In 1884, Arthur Woody took his first breath up in the Blue Ridge range of north Georgia. Back then, mountain people like his parents lived in isolated log cabins with a patch of cultivated land hacked out of the endless forest. Their livestock grazed in the woods and the outside world of towns such as Dahlonega were days away down dirt wagon tracks, often impassibly muddy, that long ago served as Cherokee trails.

Survival was never assured on their subsistence farms. Working to put away enough food for the winter was deadly earnest. But for Arthur, it could be a joy, too — fishing for speckled trout in the bubbling streams, hunting wild turkey and deer in the woods, or good eating from whatever the garden or larder could provide.

This was paradise . . .  mostly. Arthur hated the farming part, but he loved learning the secrets of the woods and the habits of the animals with his father, Abraham. 

When Arthur was 10, he was old enough to go on a deer hunt with the men from neighboring farms. Fellowship, adventure, fun and the promise of delicious venison hung in the air. Something darker must have hung in the air, too, though Arthur couldn’t have identified it with all that noise and excitement. 

In those days, deer hunting wasn’t a sport. It was a communal quest for meat. The men hunted with packs of dogs. Once the dogs scented a deer, they gave chase, baying out in the distance. A deer had little chance of escape as the dogs ran it to exhaustion and waited until the men finally arrived and shot it.

That’s how it had always been done. But this time, as his father showed the boy the buck’s carcass, Arthur must have sensed sadness as much as joy.

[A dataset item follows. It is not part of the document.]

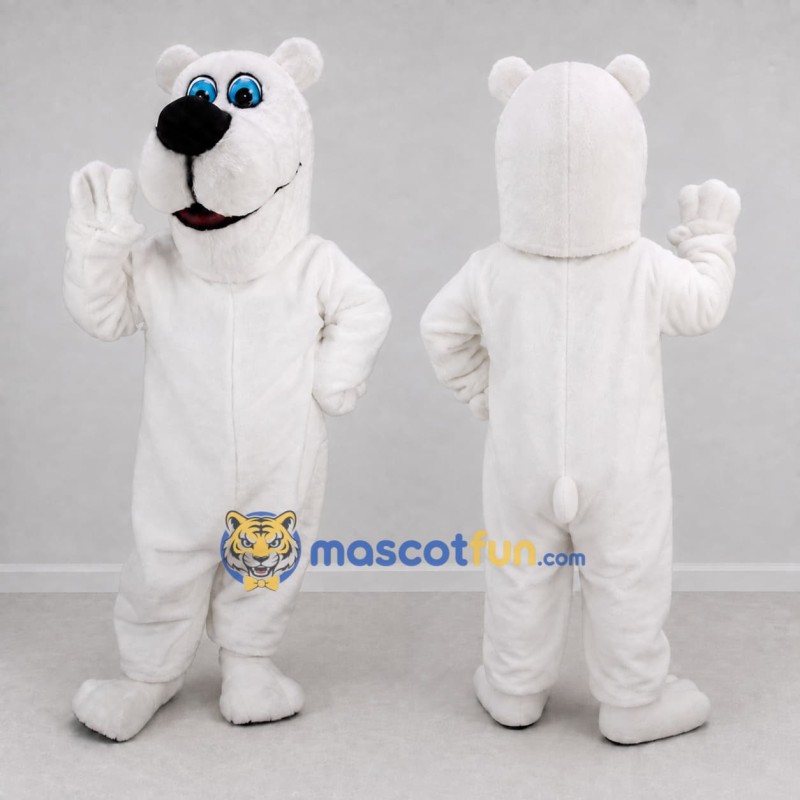 Custom White Polar Bear Mascot Costume Adult Full Body Suit for Winter Events Custom White Polar Bear Mascot Costume Adult Full Body Suit for Winter Events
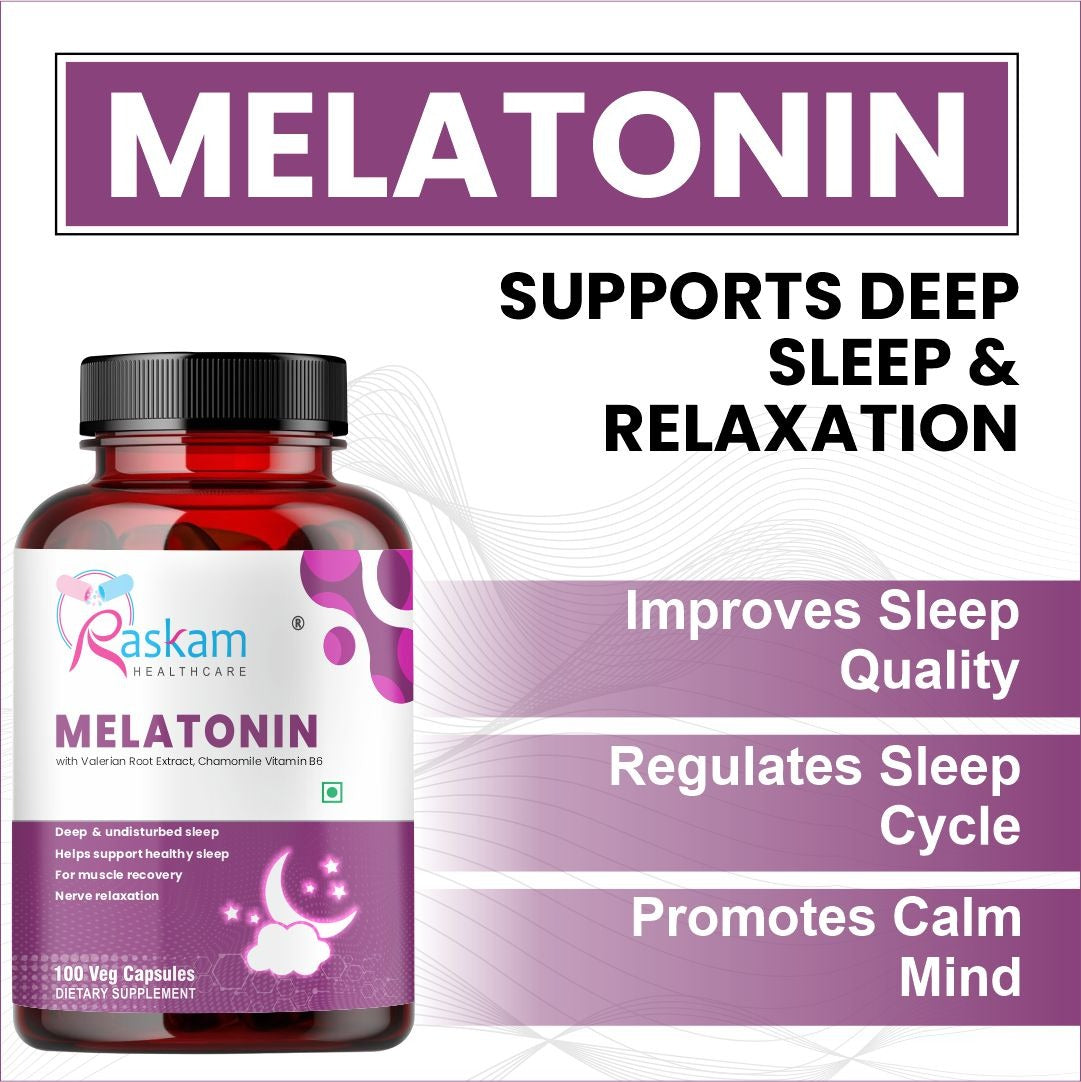 Raskam Melatonin 5mg- 100 capsules- Promotes Sleep and Relaxation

His father said, “Take a good look at this deer, Son. You’ll never see another. This is the last deer in the Georgia mountains.”

The last deer? 

Woody with granddaughter Jean, early 1940s

But it was true. Since the removal of the Cherokee in 1838, the settlers of this mountainous country had hunted the deer to extinction, as they already had the buffalo, the wolves and the black bears who used to inhabit these woods. By the end of the 19th century, the forest was virtually empty of game.

And it was about to get worse. 

In the early 20th century, big logging companies, hungry for virgin timber, bought out many of the mountain farms, then clear-cut the mountains in every direction. Stripped of timber, the wooded hills became a wasteland of stumps. Rain eroded the unprotected slopes, washing mud and debris into the clear mountain streams, and wiping out the trout. And unbelievably, over the next decades, whatever was left of the chestnut trees that once filled the forest, nourishing man and beast, were killed off by an incurable, unstoppable blight.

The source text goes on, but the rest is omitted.